╔══

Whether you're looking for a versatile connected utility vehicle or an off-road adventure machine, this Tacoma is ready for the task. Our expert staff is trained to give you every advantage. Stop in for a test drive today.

╚══
╔══

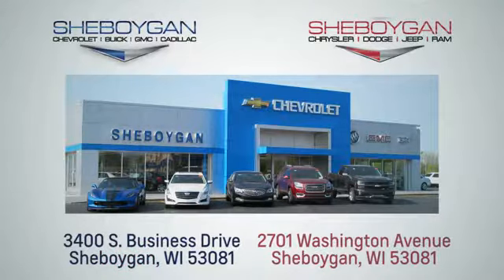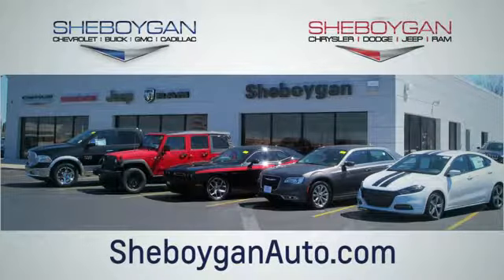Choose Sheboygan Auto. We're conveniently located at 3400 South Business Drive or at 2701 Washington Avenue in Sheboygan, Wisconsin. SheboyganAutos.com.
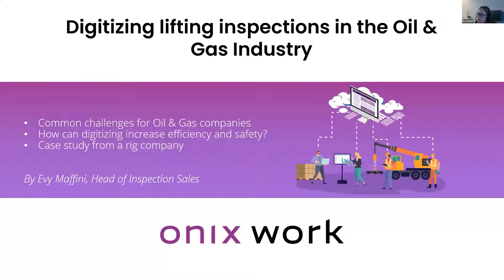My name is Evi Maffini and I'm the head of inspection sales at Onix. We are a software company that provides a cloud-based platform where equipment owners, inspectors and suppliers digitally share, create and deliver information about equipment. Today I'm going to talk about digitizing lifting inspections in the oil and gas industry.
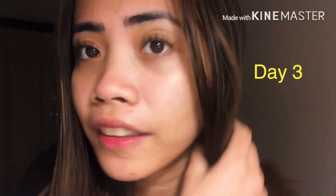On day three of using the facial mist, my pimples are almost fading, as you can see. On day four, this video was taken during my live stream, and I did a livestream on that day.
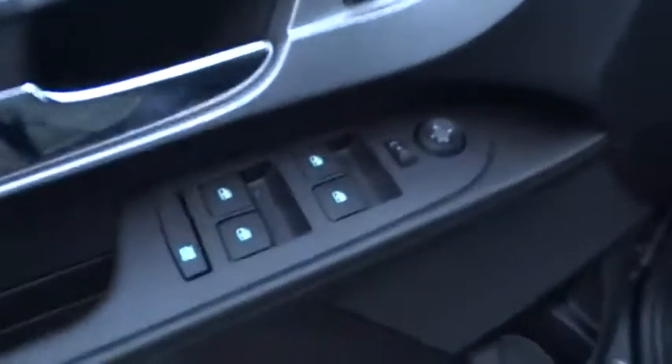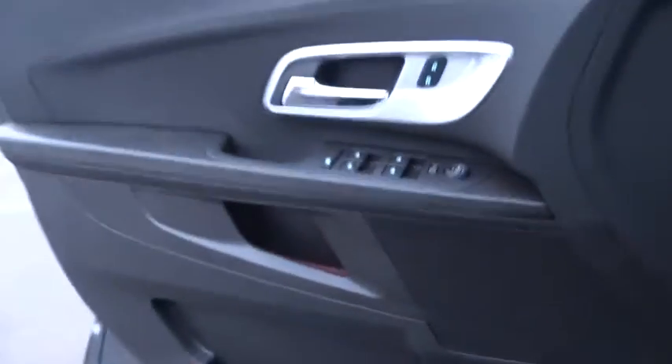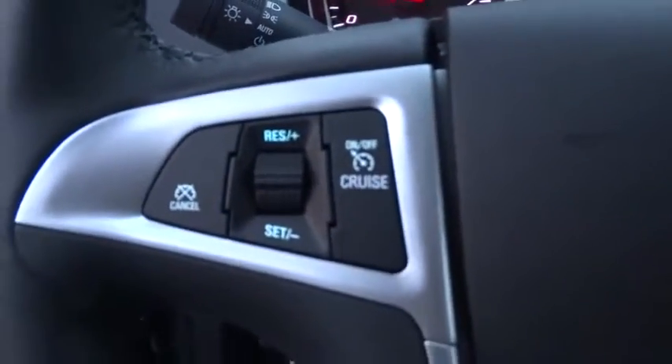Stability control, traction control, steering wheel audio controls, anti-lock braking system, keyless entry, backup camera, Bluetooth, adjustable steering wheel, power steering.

╚══

Instructions to follow:
Exactly the lines above, from the one containing "On day three" down to the one containing "Stability control, traction", are to be repeated, including both ends. Pictures are not part of the copy.

Answer space:
On day three of using the facial mist, my pimples are almost fading, as you can see. On day four, this video was taken during my live stream, and I did a livestream on that day.
Stability control, traction control, steering wheel audio controls, anti-lock braking system, keyless entry, backup camera, Bluetooth, adjustable steering wheel, power steering.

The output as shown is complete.